Work to be completed. Extract the whole listing as it stands. Do not include the pictures.

○ ○ ○

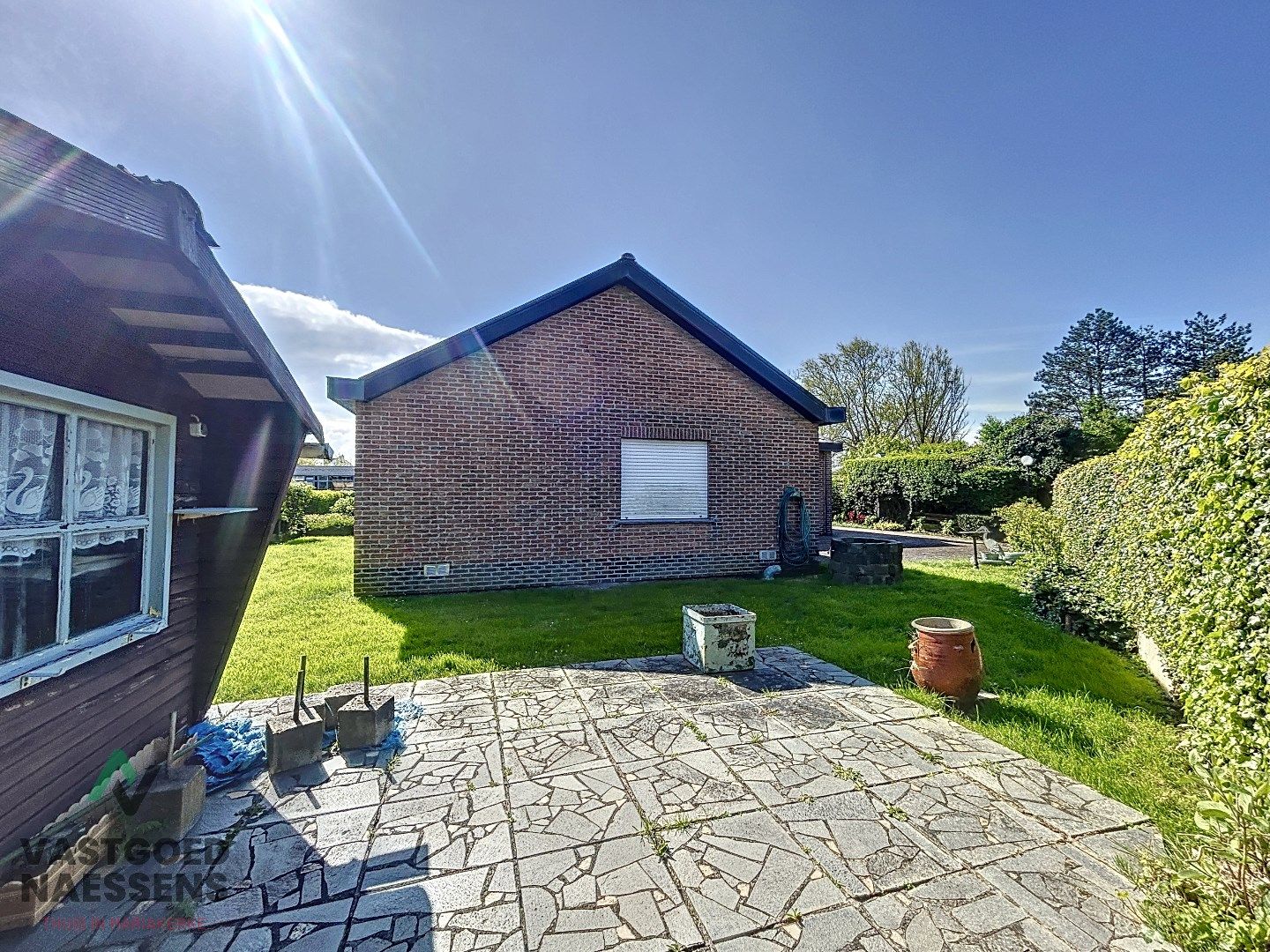 Instapklare en vrijstaande woning met inpandige garage en zonnige tuin.  foto 26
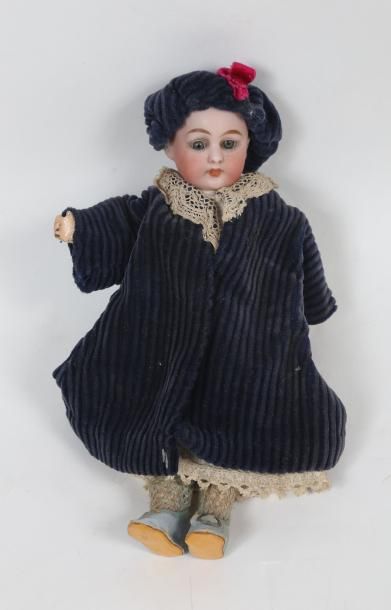 Mignonnette allemande, tête en porcelaine...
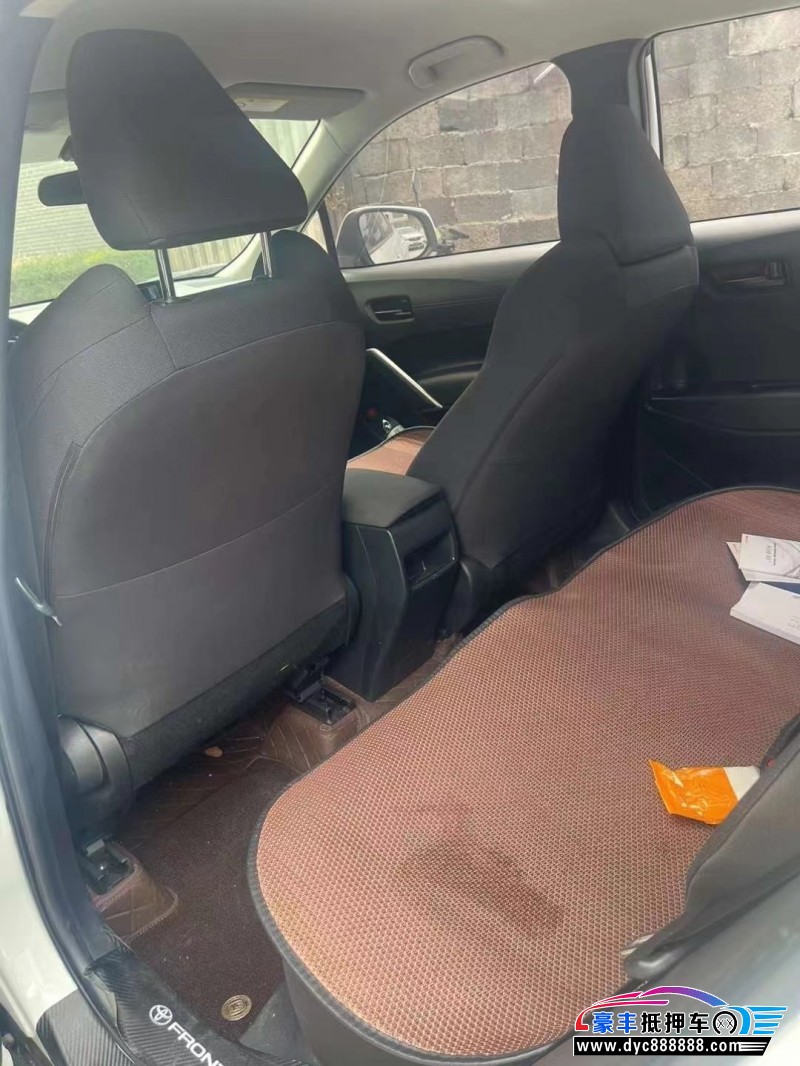 23年丰田锋兰达轿车抵押车出售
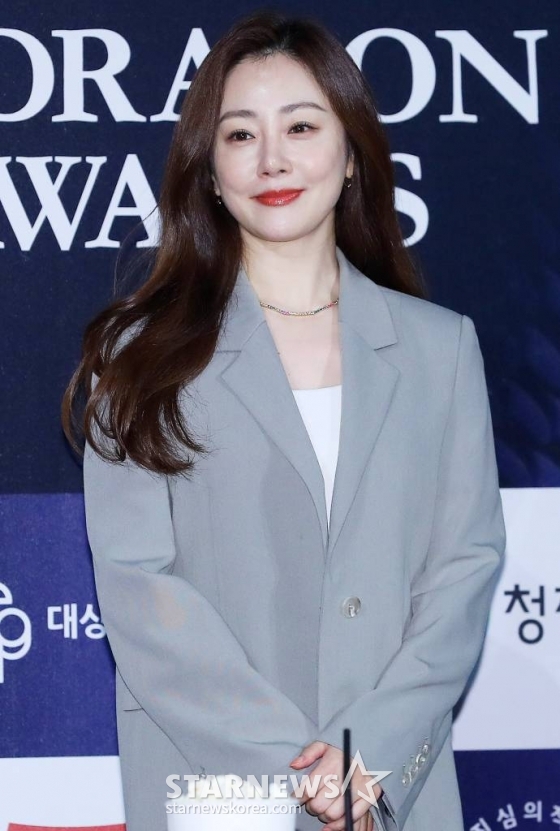 배우 오나라가 25일 오후 서울 영등포구 여의도 CGV에서 열린 '제44회 청룡영화상 핸드프린팅' 행사에 참석해 포즈를 취하고 있다. 2023.10.25 /사진=김창현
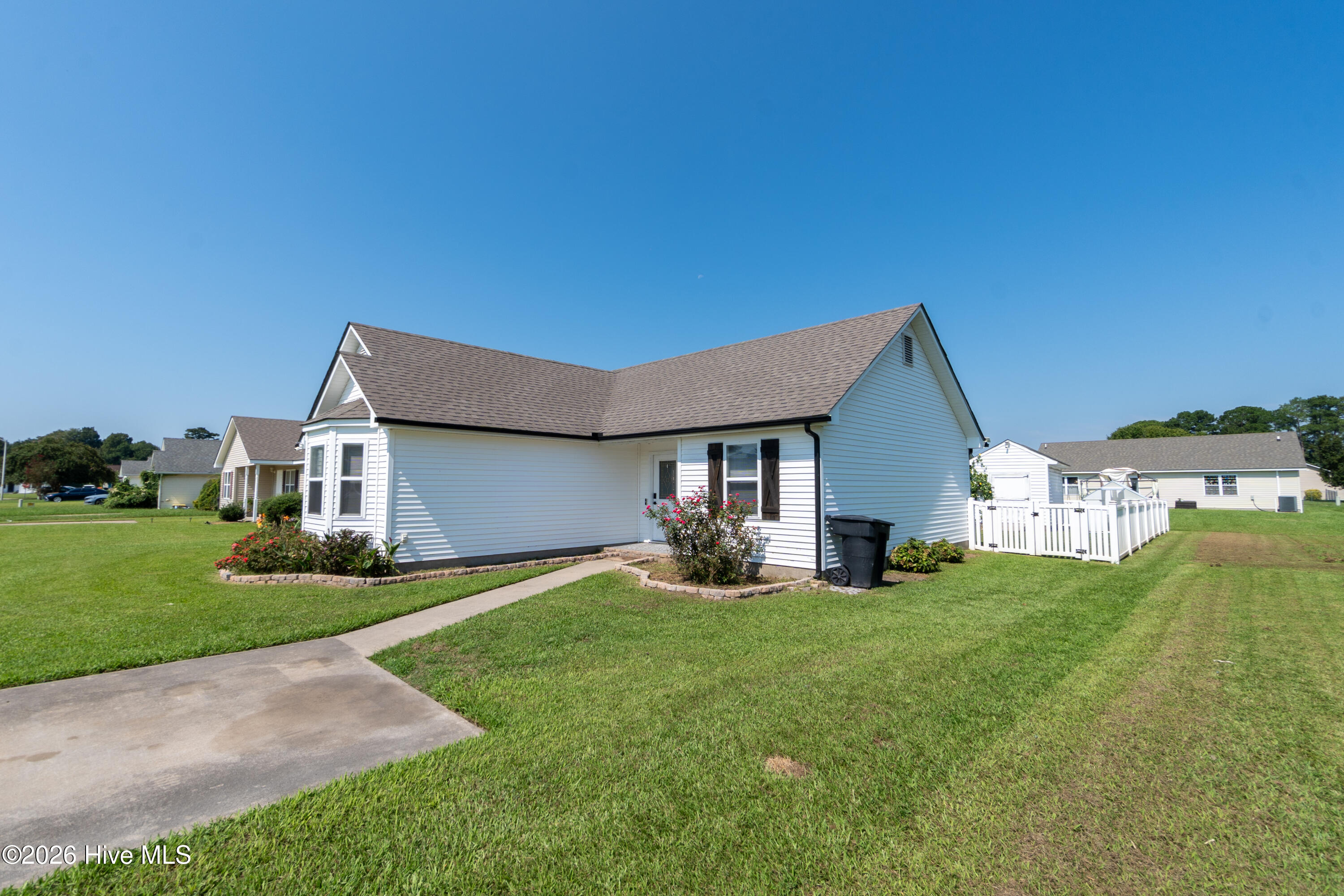 105 Raintree Run Property Photo 41
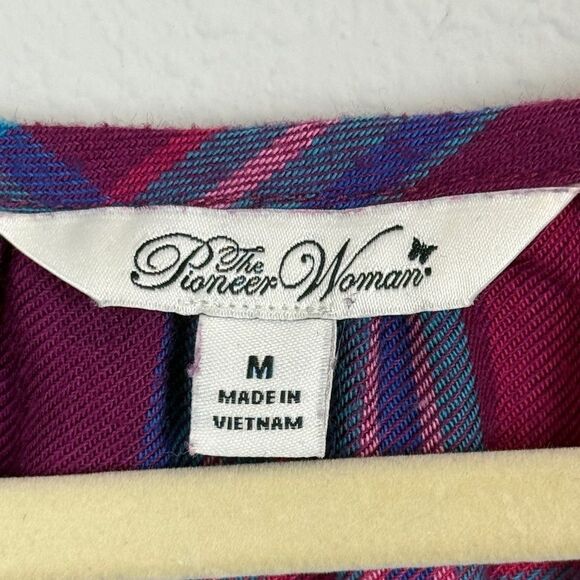 The Pioneer Woman Flannel Embroidered Sleeve Top M - Picture 2 of 8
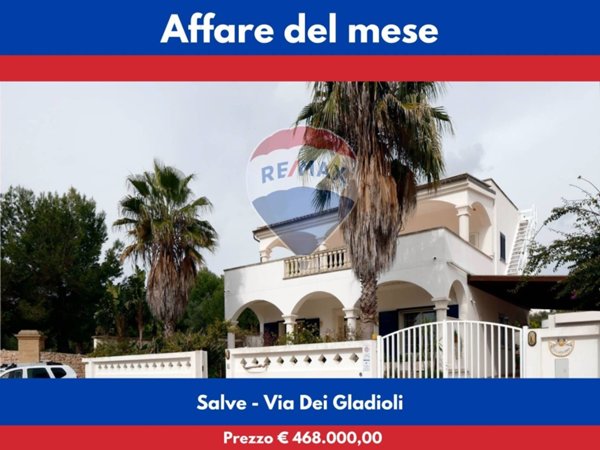 casa indipendente in vendita a Salve in zona Lido Marini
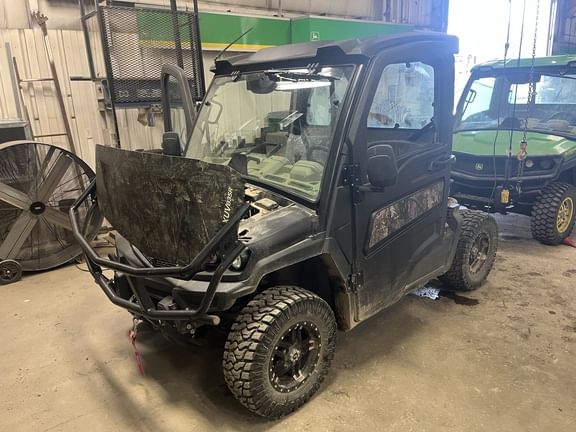 2023 John Deere XUV 835R Equipment Image0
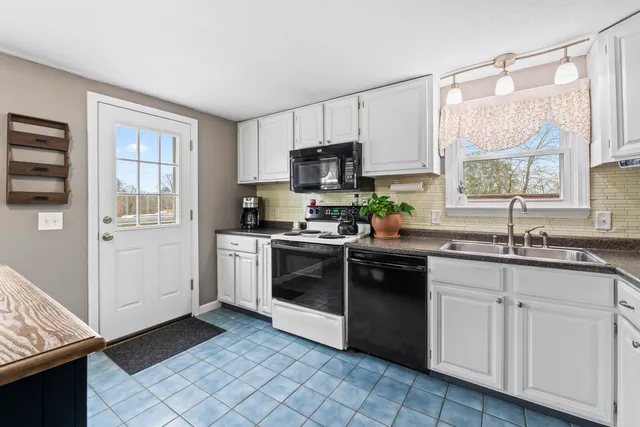 $469,000 | 11 Phillip Street, Scarborough, ME 04074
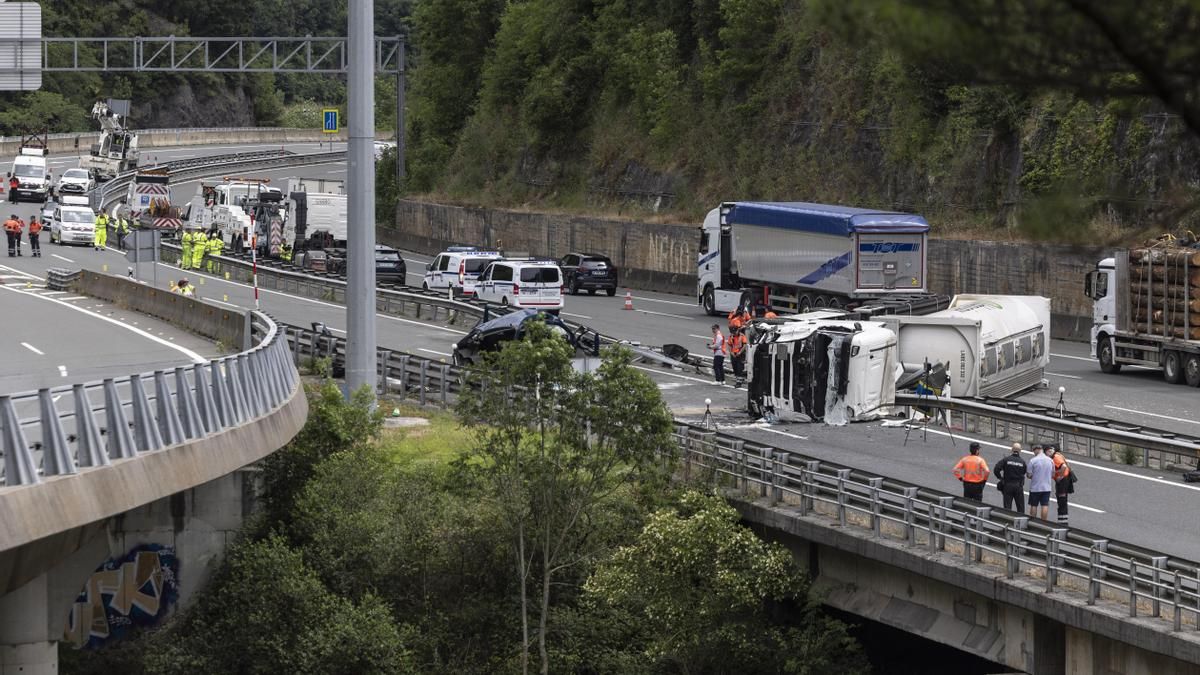 Los vehículos que han sufrido el accidente a la altura de Elgoibar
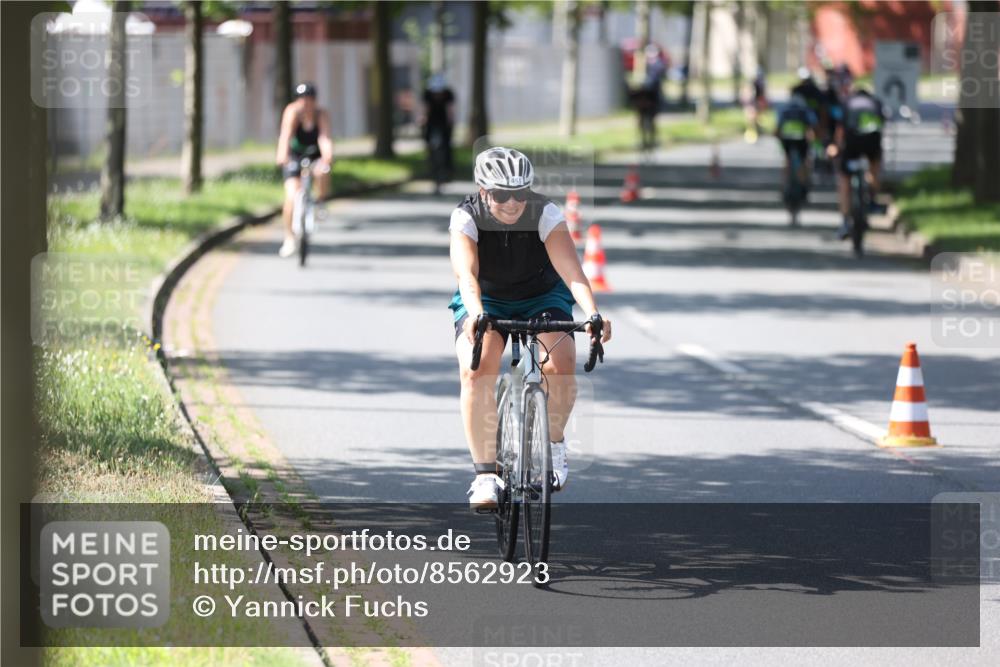 10.08.2025 - GEWOBA Citytriathlon Bremen Yannick Fuchs http://msf.ph/oto/8562923 10.08.2025 14:34:07 Radfahren 45, 55, 76, 92, 151, 214, 364, 388, 424, 443, 451, 507, 515, 530 meine-sportfotos.de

○ ○ ○

Answer box.
 Instapklare en vrijstaande woning met inpandige garage en zonnige tuin.  foto 26
 Mignonnette allemande, tête en porcelaine...
 23年丰田锋兰达轿车抵押车出售
 배우 오나라가 25일 오후 서울 영등포구 여의도 CGV에서 열린 '제44회 청룡영화상 핸드프린팅' 행사에 참석해 포즈를 취하고 있다. 2023.10.25 /사진=김창현
 105 Raintree Run Property Photo 41
 The Pioneer Woman Flannel Embroidered Sleeve Top M - Picture 2 of 8
 casa indipendente in vendita a Salve in zona Lido Marini
 2023 John Deere XUV 835R Equipment Image0
 $469,000 | 11 Phillip Street, Scarborough, ME 04074
 Los vehículos que han sufrido el accidente a la altura de Elgoibar
 10.08.2025 - GEWOBA Citytriathlon Bremen Yannick Fuchs http://msf.ph/oto/8562923 10.08.2025 14:34:07 Radfahren 45, 55, 76, 92, 151, 214, 364, 388, 424, 443, 451, 507, 515, 530 meine-sportfotos.de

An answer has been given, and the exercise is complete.